(Record excerpts)
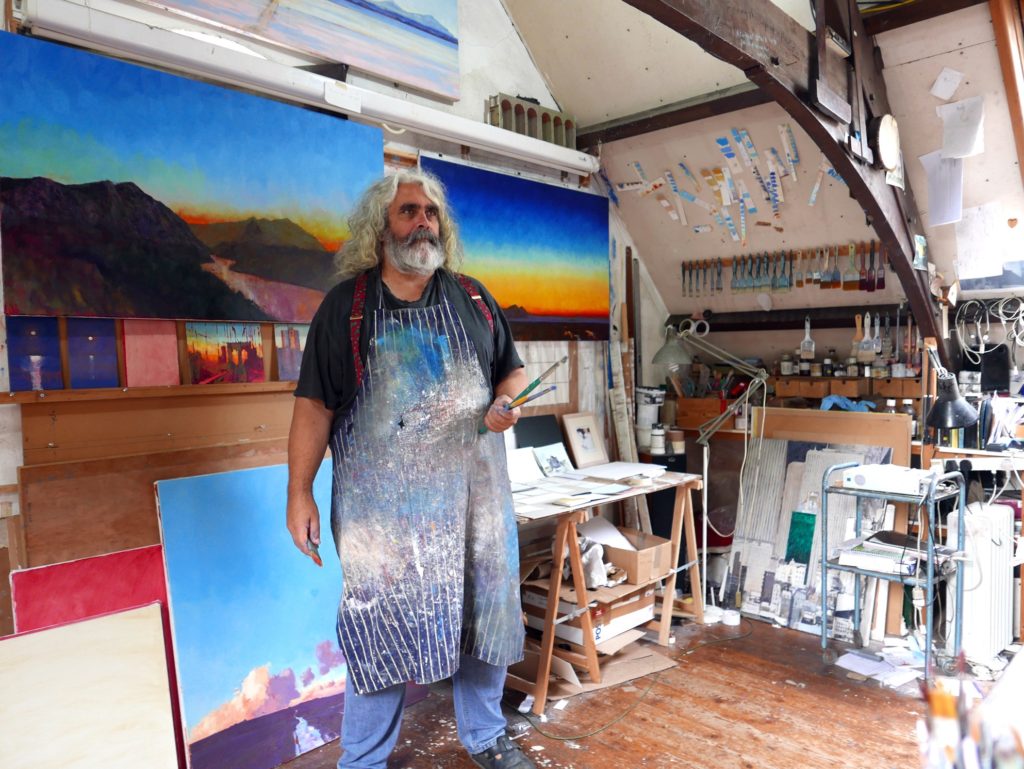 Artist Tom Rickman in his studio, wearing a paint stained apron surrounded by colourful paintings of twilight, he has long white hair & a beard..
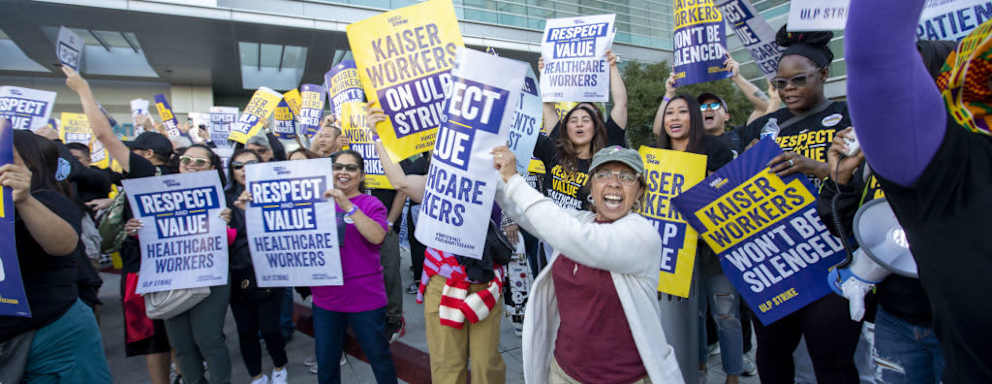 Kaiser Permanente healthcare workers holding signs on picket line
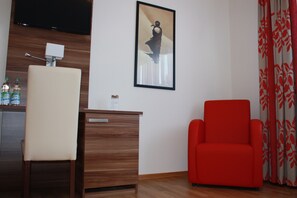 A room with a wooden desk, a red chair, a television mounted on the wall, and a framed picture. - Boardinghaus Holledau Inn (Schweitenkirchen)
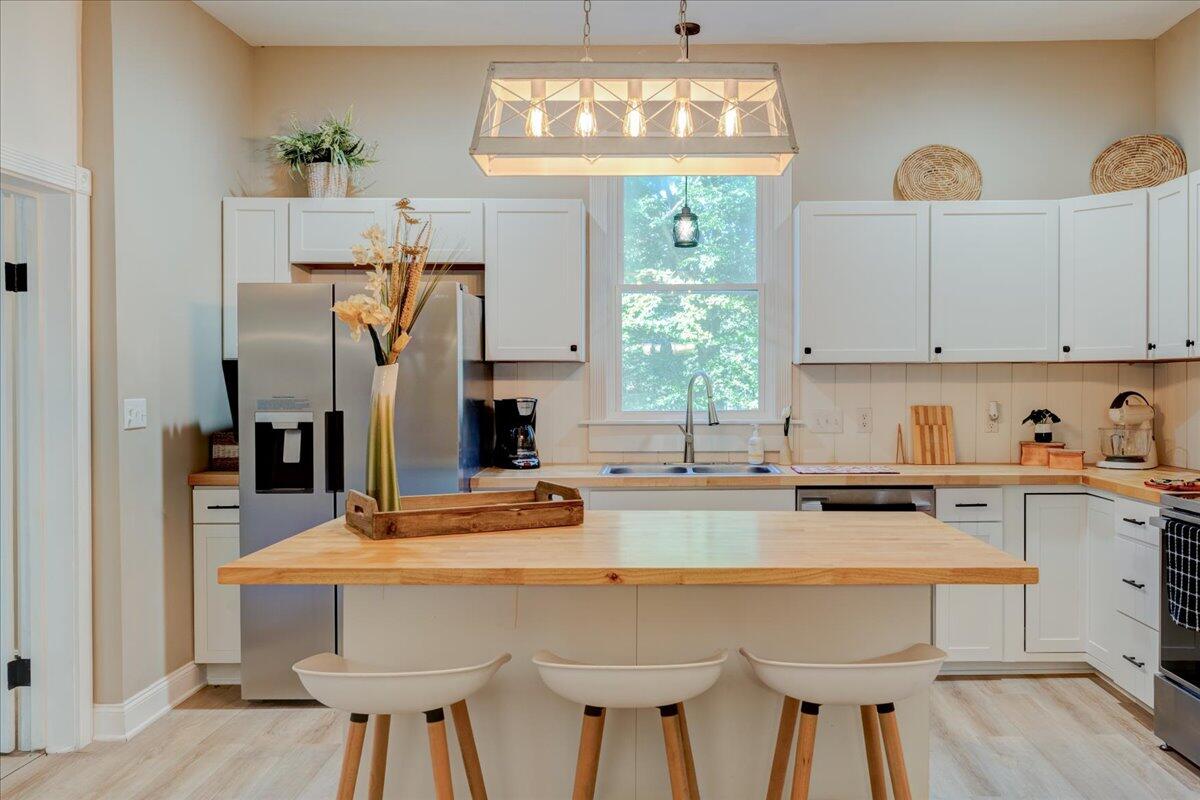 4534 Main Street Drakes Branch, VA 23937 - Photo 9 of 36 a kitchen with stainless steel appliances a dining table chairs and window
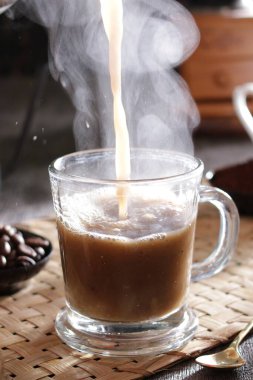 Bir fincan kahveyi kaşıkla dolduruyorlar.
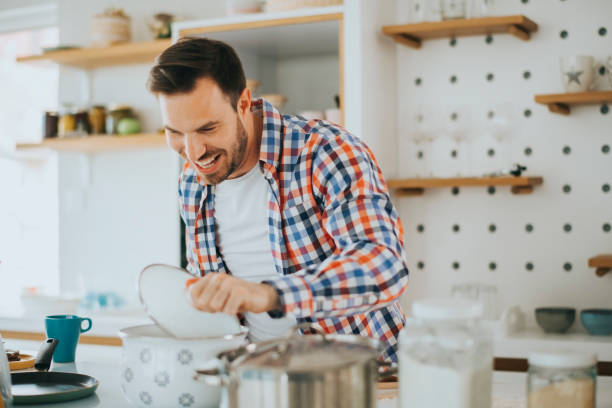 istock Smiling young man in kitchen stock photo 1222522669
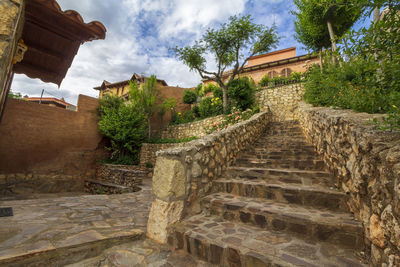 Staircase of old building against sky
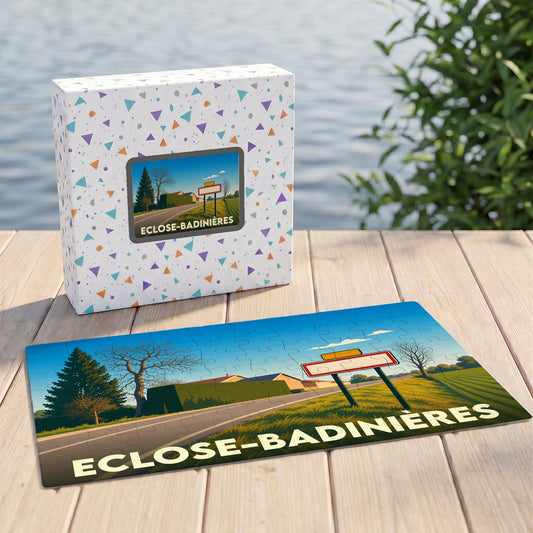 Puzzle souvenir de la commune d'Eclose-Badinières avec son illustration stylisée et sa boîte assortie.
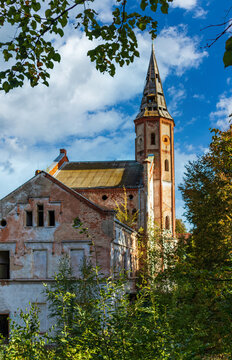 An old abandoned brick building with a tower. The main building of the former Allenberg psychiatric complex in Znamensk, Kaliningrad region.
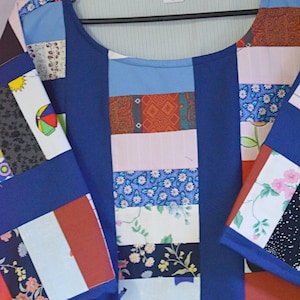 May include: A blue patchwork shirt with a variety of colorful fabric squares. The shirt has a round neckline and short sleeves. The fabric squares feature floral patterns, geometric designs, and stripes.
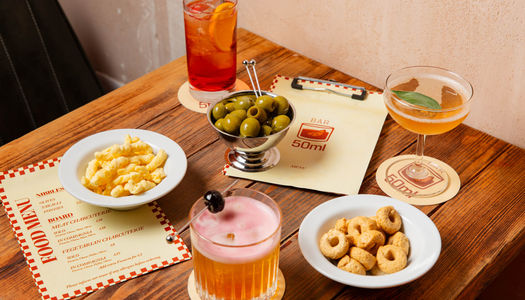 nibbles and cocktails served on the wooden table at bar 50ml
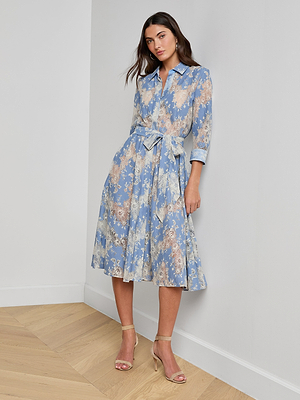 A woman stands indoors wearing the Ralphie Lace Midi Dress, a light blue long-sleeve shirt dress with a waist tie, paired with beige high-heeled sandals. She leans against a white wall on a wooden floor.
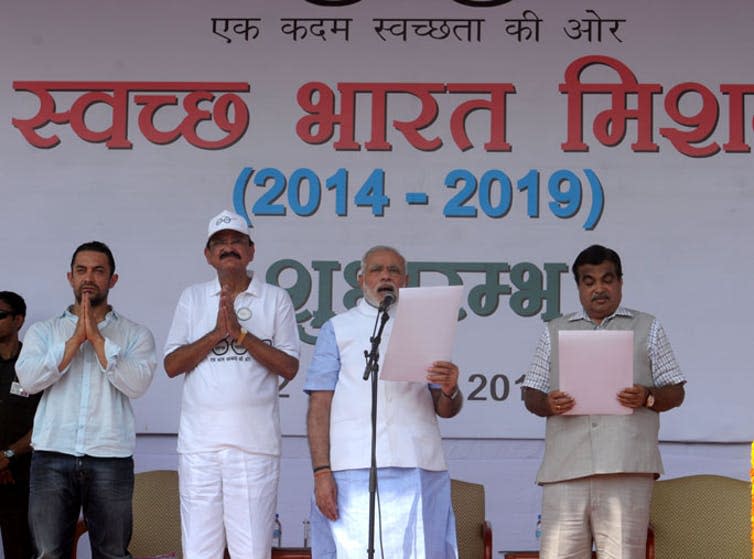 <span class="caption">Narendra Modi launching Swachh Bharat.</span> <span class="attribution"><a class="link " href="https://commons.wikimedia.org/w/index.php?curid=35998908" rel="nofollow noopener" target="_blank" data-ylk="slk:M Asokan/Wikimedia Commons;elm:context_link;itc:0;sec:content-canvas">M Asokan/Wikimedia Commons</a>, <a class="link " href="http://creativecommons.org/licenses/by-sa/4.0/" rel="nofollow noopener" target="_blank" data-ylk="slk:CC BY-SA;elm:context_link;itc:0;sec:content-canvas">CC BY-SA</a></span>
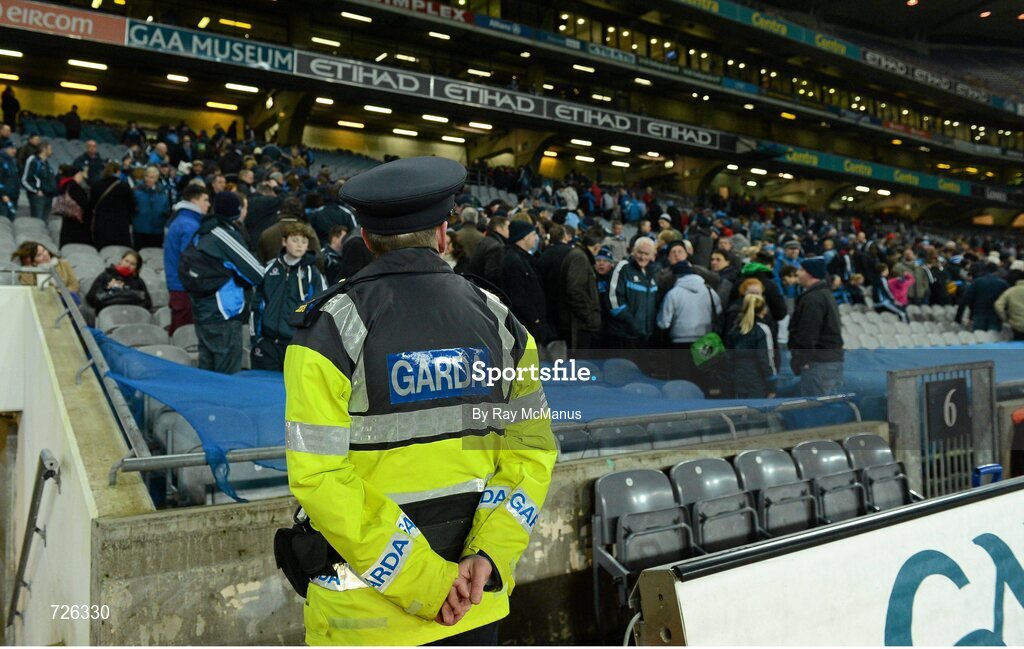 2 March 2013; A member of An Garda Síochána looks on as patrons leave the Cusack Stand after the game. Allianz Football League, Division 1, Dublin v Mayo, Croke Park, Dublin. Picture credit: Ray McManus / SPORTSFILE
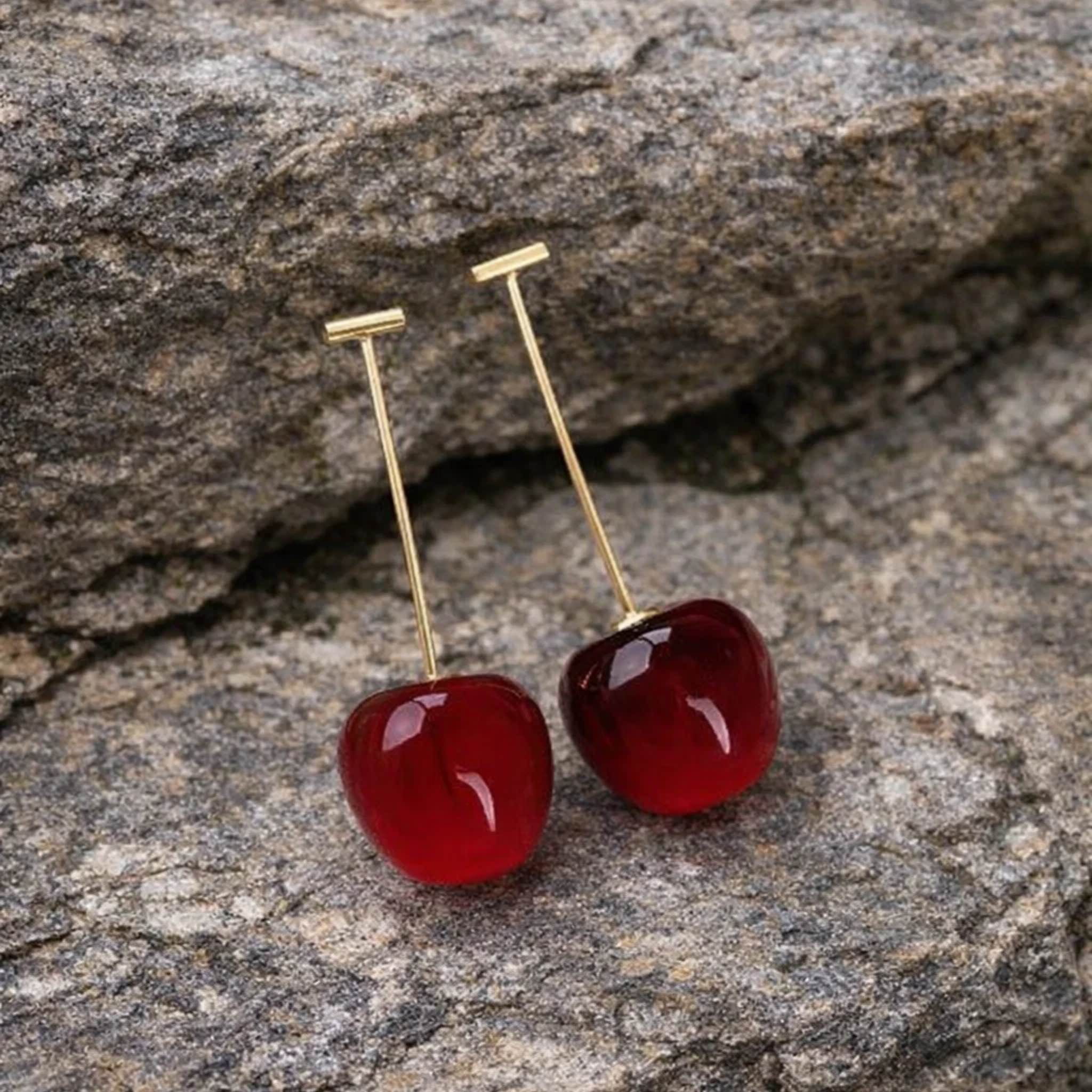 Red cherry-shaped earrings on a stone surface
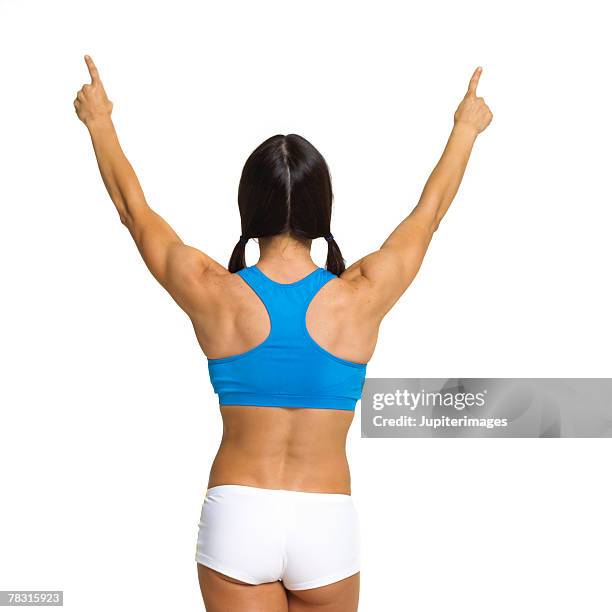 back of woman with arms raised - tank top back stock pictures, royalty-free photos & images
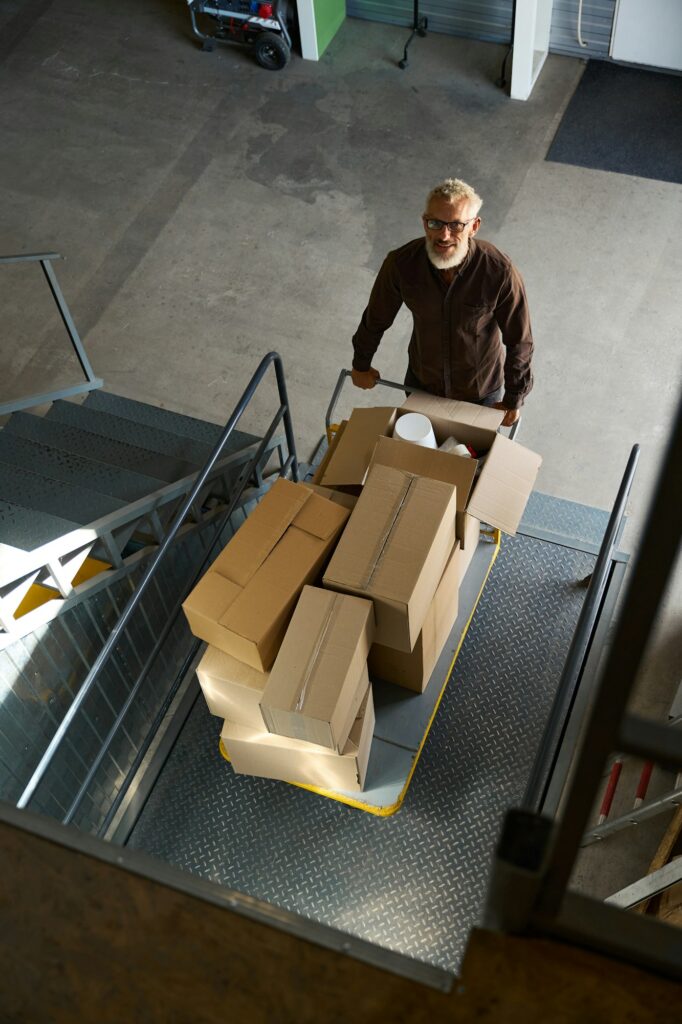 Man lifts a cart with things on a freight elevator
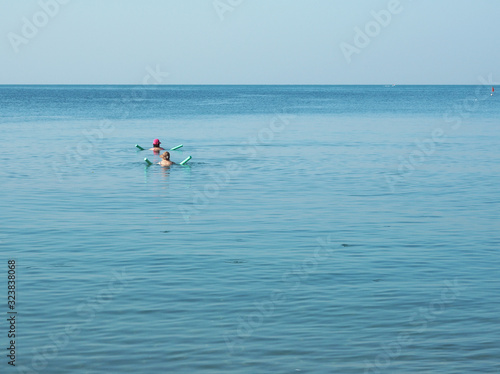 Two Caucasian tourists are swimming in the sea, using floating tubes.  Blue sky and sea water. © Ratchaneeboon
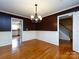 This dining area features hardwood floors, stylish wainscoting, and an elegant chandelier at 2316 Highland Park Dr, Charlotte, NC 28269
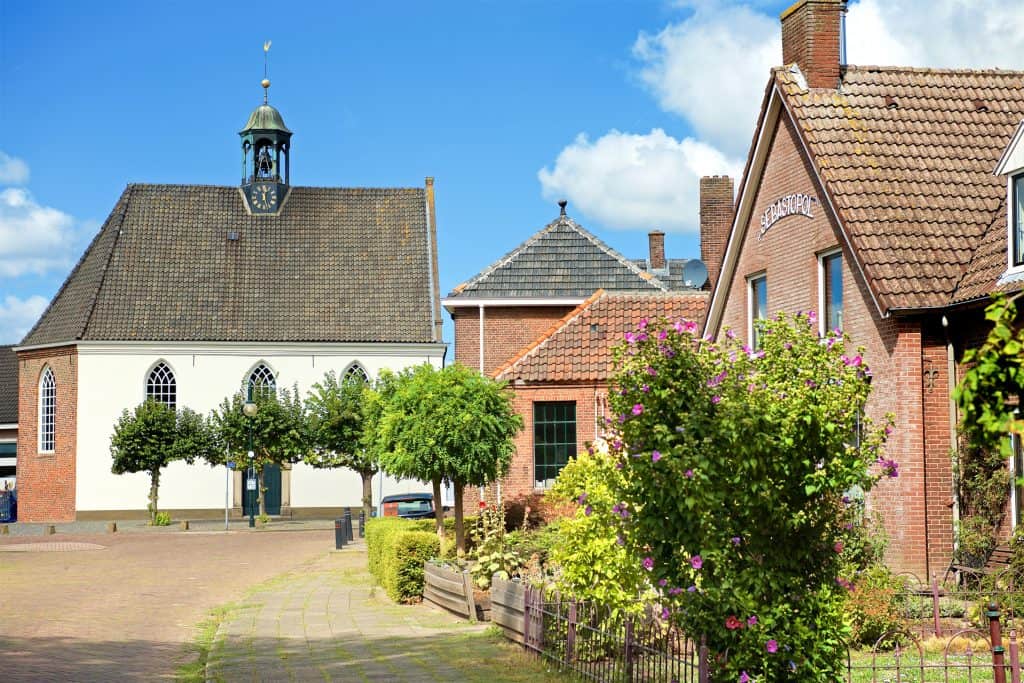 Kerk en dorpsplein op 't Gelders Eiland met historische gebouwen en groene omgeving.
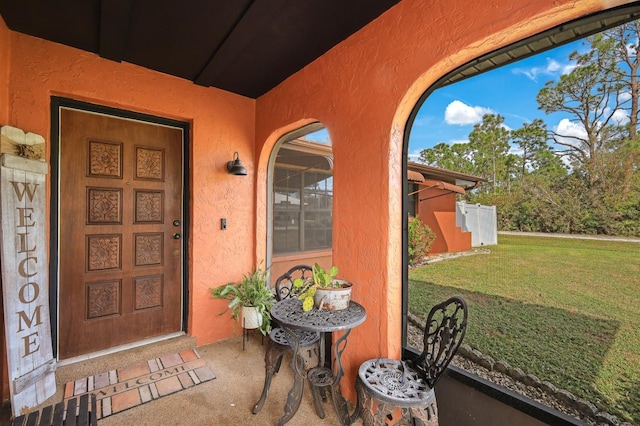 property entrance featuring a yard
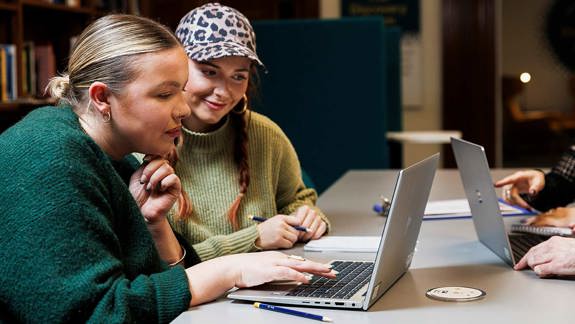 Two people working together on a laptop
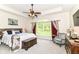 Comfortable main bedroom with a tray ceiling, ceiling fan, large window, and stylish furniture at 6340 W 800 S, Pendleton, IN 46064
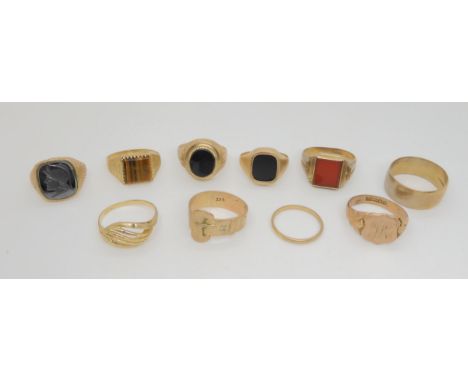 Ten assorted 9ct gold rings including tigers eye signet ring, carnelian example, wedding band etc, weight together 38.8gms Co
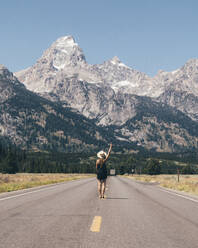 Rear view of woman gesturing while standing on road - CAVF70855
(End Record excerpts)
What is needed: Pictures excluded, repeat the material above from its first line through the line containing "Modi launching Swachh", both included.

Your response:
 Artist Tom Rickman in his studio, wearing a paint stained apron surrounded by colourful paintings of twilight, he has long white hair & a beard..
 Kaiser Permanente healthcare workers holding signs on picket line
 A room with a wooden desk, a red chair, a television mounted on the wall, and a framed picture. - Boardinghaus Holledau Inn (Schweitenkirchen)
 4534 Main Street Drakes Branch, VA 23937 - Photo 9 of 36 a kitchen with stainless steel appliances a dining table chairs and window
 Bir fincan kahveyi kaşıkla dolduruyorlar.
 istock Smiling young man in kitchen stock photo 1222522669
 Staircase of old building against sky
 Puzzle souvenir de la commune d'Eclose-Badinières avec son illustration stylisée et sa boîte assortie.
 An old abandoned brick building with a tower. The main building of the former Allenberg psychiatric complex in Znamensk, Kaliningrad region.
 May include: A blue patchwork shirt with a variety of colorful fabric squares. The shirt has a round neckline and short sleeves. The fabric squares feature floral patterns, geometric designs, and stripes.
 nibbles and cocktails served on the wooden table at bar 50ml
 A woman stands indoors wearing the Ralphie Lace Midi Dress, a light blue long-sleeve shirt dress with a waist tie, paired with beige high-heeled sandals. She leans against a white wall on a wooden floor.
 <span class="caption">Narendra Modi launching Swachh Bharat.</span> <span class="attribution"><a class="link " href="https://commons.wikimedia.org/w/index.php?curid=35998908" rel="nofollow noopener" target="_blank" data-ylk="slk:M Asokan/Wikimedia Commons;elm:context_link;itc:0;sec:content-canvas">M Asokan/Wikimedia Commons</a>, <a class="link " href="http://creativecommons.org/licenses/by-sa/4.0/" rel="nofollow noopener" target="_blank" data-ylk="slk:CC BY-SA;elm:context_link;itc:0;sec:content-canvas">CC BY-SA</a></span>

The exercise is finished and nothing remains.